Dubbed the "Real Governor of Texas" because of his control over the state prison system and his sweeping rulings on desegregation and bilingual education, Justice has brought substantial reform to Texas government in his more than 30 years on the federal bench. He was appointed a federal judge in 1968 by President Lyndon Johnson. A former trial lawyer and federal prosecutor, Justice oversaw the virtual integration of all Texas public schools and, in a 1981 case, ruled that bilingual education should apply to all 12 public school grades.

His most famous decision, however, resulted in a complete overhaul of the state's prison system, the 1972 Ruiz vs. Estelle lawsuit, in which he declared Texas prisons to be in violation of the U.S. Constitution's Eighth Amendment or "cruel and unusual punishment" clause. The ruling led to millions of dollars in state spending on new prisons in the 1980s and 1990s. His ruling in Plyer vs. Doe, upheld by the U.S. Supreme Court, allowed the children of undocumented aliens to attend public schools without payment of tuition.

Justice received his law degree from the University of Texas School of Law in 1942. He has been a member of the American Bar Association, the Institute of Judicial Administration, the American Judicature Society, the Judicial Ethics Committee, Judicial Conference Review Committee and the Joint Committee on the Code of Judicial Conduct. His many awards and honors include the Order of the Coif, the NAACP Texas Heroes Award, the National Association of Criminal Defense Lawyers Lifetime Achievement Award and the Texas Civil Liberties Union Outstanding Federal Trial Judge Award.
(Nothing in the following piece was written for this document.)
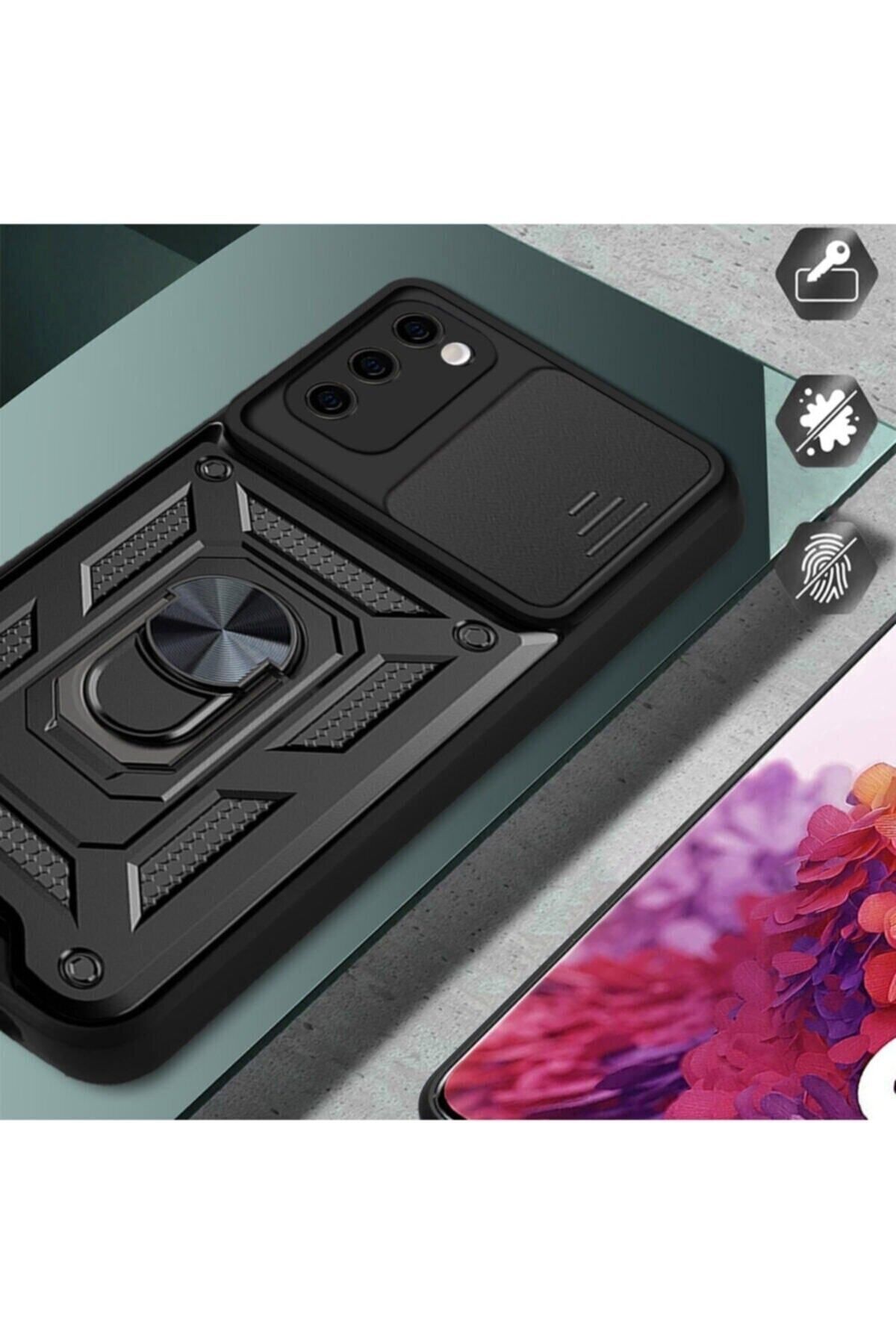 Fibaks Samsung Galaxy S20 Fe Kılıf Kamera Korumalı Sürgülü Yüzüklü Armor Military Tank Zırh - Görsel 7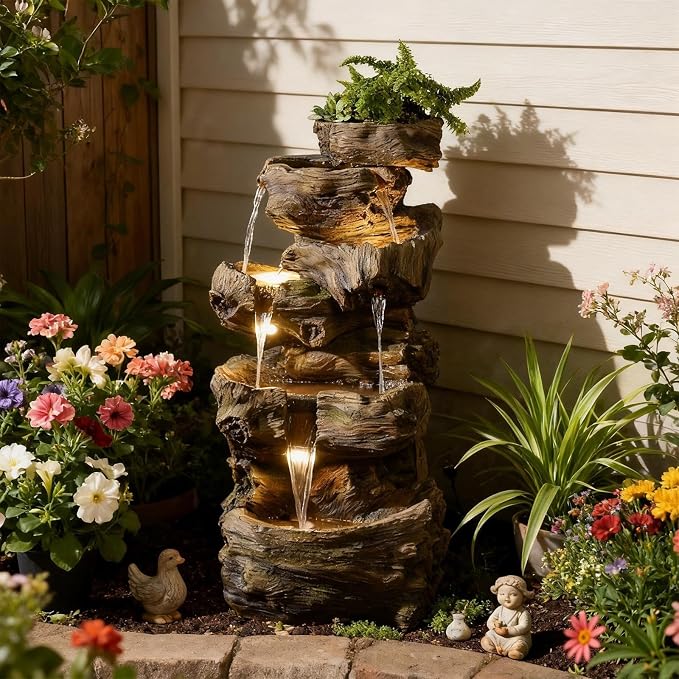 Sunlinua 40H Realistic Tree Cascading Outdoor Water Fountain with 5 Tiers | Resin material,ideal for garden patio backyard porch home decor,6 LED light,easy to install,gifts for women men mom father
The colloquium, "William Wayne Justice: In Theory and Practice," will feature the following panel:

  • John Attanasio, dean of SMU's Dedman School of Law and the William Hawley Atwell Chair in Constitutional Law
  • Malcolm Feeley, University of California at Berkeley law professor and an expert in constitutional law
  • Lucas Guttentag, former law clerk and an attorney for the New York City American Civil Liberties Union Chapter's Immigrant Rights Project
  • Darren Hutchinson, SMU's Dedman School of Law professor and expert in constitutional law
  • Senior U.S. District Judge William Wayne Justice
  • Steve Martin, former general counsel of the Texas prison system and author of Texas Prisons: When the Walls Came Tumbling Down
  • Richard Mithoff, former law clerk and the plaintiff's attorney for the case that resulted in reforms to the Texas juvenile justice system
  • Judith Resnik, Yale University law professor and a scholar of institutional reform and federal procedure
  • Senior U.S. District Judge Barefoot Sanders
  • Jordan Steiker, University of Texas at Austin law professor and an expert in constitutional law
  • David Vanderhoof, civil rights attorney who litigated several desegregation cases before Justice.

For more information about the colloquium, call SMU's Dedman School of Law at 214-768-2621.

In addition to Justice, musician and philanthropist Van Cliburn will receive an honorary Doctor of Arts degree at commencement. The university has already awarded King Juan Carlos I of Spain an honorary Doctor of Arts degree March 30 when he visited SMU to attend the International Festival of Opening Events for the new Meadows Museum.